The action has been moved from Denmark to a nationalistic Britain with Nazi-esque flags flying and brutalistic set-design. Here Hamlet is the non-binary transgender Prince (the personal pronouns flip depending on who’s speaking), slowly unravelling after his father’s death and plotting revenge.
A svelte cast of seven play all the roles with some scenes being delivered via video-screen, as political broadcasts, video-messages or otherworldly interruptions. Some roles have been gender-flipped and this non-binary Hamlet is played by non-binary transgender performer Jenet Le Lacheur. Le Lacheur’s performance slides between gender roles scene by scene. Masculine in voice and tone (the performance bore an uncanny resemblance to David Tennant), androgynous in appearance, fluid in sexual advances (there’s more sexual chemistry with Horatio than with Ophelia).
All the changes, the setting and the gender flipping however end up being, to steal Shakespeare’s own words, “much ado about nothing” distracting from the text rather than enlightening it. Some of the choices seem to be working against their own intentions, the gender-flipping of Polonius seems to undercut any commentary on gender norms. Making the Players a group of club-kids, faux-Vogueing in front of footage from Paris Is Burning, makes them seem even more distant from Hamlet than they are from the rest of the court. This feels like three Hamlet’s mixed into one.

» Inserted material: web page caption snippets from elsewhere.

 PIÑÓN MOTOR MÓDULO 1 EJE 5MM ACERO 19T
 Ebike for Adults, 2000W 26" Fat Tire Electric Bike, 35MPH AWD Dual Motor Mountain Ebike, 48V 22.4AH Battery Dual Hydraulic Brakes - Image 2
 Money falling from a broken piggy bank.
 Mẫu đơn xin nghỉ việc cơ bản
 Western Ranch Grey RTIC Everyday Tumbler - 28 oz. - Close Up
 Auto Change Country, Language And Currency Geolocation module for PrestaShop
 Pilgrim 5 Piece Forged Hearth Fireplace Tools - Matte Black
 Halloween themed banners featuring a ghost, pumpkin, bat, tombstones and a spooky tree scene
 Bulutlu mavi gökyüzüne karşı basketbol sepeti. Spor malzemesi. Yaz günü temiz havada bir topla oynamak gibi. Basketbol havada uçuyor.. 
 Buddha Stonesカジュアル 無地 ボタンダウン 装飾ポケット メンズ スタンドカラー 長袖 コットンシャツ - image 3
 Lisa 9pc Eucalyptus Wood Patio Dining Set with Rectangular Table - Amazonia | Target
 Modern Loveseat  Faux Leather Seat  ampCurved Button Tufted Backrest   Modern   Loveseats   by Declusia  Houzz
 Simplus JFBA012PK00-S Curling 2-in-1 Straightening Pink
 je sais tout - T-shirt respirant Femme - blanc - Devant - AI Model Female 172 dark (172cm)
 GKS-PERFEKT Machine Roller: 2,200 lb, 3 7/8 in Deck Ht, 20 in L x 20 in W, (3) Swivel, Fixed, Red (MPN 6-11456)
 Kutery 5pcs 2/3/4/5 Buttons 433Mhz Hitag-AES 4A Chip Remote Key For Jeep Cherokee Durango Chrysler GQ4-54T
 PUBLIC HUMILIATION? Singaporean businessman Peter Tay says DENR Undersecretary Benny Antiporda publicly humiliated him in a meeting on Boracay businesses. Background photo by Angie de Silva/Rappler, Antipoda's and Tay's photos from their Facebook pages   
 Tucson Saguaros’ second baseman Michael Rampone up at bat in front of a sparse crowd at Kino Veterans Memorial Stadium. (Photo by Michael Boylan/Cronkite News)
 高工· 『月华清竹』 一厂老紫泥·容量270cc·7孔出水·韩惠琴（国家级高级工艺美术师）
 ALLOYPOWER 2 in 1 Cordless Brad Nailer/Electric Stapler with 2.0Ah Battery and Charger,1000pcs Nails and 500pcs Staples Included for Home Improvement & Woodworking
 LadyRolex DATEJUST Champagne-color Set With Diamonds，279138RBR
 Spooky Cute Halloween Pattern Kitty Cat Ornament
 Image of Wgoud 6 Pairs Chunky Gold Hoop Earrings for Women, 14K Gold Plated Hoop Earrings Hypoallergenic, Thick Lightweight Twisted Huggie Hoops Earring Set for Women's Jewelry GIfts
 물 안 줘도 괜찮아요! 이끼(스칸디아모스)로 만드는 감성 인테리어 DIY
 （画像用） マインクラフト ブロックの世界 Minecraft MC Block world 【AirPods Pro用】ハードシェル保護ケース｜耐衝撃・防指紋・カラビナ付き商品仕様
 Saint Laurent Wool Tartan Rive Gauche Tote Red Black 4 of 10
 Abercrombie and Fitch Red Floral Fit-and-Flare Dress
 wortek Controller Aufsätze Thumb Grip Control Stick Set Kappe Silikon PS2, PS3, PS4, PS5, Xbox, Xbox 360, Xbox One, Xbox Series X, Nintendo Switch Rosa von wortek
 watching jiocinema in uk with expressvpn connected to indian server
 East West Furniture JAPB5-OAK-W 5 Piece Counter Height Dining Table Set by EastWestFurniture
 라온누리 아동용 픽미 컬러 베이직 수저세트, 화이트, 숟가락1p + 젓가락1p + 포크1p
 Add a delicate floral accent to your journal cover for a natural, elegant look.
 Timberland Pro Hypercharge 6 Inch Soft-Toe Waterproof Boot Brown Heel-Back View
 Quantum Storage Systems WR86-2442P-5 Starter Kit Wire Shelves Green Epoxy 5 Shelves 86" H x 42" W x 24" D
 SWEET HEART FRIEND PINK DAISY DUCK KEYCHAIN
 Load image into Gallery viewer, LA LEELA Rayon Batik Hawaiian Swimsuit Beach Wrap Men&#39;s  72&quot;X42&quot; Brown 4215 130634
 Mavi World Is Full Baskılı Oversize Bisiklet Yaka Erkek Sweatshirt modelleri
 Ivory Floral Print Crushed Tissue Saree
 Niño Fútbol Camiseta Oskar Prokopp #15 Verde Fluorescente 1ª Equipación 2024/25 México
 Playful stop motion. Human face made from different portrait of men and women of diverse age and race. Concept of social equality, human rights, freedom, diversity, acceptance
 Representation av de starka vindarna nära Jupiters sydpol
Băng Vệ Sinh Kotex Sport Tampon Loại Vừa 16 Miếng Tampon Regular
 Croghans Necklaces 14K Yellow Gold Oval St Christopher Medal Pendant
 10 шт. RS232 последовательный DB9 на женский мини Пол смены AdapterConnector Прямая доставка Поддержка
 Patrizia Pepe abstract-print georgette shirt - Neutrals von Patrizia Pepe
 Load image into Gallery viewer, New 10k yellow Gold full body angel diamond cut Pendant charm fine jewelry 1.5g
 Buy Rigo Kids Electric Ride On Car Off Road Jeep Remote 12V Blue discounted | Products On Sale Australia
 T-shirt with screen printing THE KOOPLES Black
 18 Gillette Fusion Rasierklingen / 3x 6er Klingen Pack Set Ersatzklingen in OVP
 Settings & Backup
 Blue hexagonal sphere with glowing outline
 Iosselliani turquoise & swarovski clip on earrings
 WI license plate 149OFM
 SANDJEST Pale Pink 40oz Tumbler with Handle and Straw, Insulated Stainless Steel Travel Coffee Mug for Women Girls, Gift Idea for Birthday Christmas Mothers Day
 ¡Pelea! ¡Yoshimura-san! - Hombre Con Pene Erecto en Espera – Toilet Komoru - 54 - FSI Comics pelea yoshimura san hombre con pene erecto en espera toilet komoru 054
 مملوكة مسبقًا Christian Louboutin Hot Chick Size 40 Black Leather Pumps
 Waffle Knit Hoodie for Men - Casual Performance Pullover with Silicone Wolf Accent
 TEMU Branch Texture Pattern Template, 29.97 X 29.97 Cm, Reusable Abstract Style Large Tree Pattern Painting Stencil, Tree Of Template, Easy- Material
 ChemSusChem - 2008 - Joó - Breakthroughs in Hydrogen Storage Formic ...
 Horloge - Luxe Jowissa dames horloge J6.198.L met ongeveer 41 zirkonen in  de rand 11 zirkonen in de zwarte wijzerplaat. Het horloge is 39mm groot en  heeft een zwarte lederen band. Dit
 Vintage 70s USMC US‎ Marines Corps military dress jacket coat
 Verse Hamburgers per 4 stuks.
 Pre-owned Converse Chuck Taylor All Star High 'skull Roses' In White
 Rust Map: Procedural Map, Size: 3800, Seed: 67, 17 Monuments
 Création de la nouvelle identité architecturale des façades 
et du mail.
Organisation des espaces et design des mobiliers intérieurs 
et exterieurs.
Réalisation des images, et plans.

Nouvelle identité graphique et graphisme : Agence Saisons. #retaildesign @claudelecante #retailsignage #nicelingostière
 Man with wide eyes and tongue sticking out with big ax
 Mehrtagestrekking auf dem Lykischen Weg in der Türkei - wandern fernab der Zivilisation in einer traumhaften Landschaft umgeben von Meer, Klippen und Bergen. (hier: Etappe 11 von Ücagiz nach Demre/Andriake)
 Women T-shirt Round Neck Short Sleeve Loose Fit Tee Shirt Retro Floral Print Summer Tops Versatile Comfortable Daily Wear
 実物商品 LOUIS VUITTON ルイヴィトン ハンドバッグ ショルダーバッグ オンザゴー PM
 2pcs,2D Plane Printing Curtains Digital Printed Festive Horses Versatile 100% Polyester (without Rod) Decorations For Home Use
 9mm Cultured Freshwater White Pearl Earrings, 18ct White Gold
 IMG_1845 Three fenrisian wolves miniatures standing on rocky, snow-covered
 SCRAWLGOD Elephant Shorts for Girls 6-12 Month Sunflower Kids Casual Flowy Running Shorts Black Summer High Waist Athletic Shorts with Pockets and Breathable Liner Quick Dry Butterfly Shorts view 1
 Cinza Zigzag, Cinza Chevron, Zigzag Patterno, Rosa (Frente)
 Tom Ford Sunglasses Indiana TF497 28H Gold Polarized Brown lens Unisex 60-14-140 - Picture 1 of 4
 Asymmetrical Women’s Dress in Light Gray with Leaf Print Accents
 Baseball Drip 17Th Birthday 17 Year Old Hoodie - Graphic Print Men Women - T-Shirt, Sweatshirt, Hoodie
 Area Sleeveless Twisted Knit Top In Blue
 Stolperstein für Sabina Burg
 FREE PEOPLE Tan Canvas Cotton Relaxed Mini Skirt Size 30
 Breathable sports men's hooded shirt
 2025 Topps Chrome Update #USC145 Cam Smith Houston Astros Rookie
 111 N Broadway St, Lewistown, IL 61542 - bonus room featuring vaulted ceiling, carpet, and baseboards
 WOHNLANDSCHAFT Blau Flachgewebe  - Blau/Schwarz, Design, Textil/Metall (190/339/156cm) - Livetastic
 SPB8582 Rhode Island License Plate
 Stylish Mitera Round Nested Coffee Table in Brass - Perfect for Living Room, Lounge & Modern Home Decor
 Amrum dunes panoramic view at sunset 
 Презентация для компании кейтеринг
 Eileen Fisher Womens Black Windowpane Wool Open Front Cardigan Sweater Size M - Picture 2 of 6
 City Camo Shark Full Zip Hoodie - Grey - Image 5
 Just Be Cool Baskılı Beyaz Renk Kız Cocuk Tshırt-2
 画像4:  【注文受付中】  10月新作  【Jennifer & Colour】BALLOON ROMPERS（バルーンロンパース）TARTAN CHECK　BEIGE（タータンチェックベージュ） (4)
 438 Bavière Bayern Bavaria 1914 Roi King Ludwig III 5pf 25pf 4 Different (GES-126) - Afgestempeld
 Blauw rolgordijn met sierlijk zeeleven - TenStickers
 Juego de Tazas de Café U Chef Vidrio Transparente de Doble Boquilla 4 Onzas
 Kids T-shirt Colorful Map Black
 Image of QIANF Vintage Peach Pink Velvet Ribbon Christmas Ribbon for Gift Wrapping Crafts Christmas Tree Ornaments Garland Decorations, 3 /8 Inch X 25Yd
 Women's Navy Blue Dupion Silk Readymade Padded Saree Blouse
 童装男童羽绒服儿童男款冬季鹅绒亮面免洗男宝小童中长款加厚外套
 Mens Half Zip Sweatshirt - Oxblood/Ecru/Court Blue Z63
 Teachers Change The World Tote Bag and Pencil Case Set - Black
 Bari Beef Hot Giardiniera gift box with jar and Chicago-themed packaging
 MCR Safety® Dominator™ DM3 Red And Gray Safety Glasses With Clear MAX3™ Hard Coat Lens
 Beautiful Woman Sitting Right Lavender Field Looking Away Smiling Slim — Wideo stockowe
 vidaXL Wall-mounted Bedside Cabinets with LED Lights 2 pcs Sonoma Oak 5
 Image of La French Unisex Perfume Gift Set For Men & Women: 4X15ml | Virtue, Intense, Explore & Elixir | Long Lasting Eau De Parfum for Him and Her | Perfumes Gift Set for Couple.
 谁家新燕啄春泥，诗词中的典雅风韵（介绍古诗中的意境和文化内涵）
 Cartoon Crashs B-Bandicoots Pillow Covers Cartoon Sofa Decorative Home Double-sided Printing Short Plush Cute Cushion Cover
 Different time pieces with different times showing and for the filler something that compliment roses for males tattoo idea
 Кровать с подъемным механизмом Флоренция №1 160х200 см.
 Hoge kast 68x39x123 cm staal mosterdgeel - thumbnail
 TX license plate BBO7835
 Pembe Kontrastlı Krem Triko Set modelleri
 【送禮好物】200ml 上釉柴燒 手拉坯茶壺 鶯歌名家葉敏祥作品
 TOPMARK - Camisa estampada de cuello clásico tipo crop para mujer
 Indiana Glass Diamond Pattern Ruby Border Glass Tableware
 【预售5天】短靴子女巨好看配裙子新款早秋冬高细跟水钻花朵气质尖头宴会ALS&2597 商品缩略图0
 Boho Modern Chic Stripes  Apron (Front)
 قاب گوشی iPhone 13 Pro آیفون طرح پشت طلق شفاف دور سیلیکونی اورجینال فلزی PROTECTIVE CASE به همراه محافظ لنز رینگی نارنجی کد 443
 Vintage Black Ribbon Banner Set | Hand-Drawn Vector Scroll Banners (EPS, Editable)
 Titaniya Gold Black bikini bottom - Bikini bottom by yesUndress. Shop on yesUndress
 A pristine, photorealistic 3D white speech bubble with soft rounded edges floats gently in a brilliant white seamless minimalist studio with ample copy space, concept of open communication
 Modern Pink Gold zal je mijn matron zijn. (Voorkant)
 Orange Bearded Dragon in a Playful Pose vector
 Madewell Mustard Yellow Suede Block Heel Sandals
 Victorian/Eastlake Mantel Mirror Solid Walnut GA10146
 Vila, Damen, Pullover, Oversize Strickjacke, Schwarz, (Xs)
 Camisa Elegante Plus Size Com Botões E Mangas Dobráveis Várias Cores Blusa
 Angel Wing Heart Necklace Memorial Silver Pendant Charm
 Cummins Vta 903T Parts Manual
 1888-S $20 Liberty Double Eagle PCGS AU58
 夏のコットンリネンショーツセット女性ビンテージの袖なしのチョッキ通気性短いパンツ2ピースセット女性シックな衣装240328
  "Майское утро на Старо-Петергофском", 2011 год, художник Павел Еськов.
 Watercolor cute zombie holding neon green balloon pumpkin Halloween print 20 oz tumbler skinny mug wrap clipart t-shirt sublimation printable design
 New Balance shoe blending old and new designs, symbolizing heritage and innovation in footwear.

The design of the ghost is effective, although it does looks more like Bette Midler’s back-up in the ‘Oh Industry’ scene in Beaches, than Hamlet’s dead dad. And there is an odd moment when the audience witnesses the apparent murder of Ophelia (via surveillance video, while the audience is promenading to a new location), but it doesn’t add anything to the production and sticks out as an oddity.
While I applaud the intention behind the production, it fails to pull together into a coherent whole. Any commentary on gender, is lost in the mix and we’re left with a scattershot Hamlet.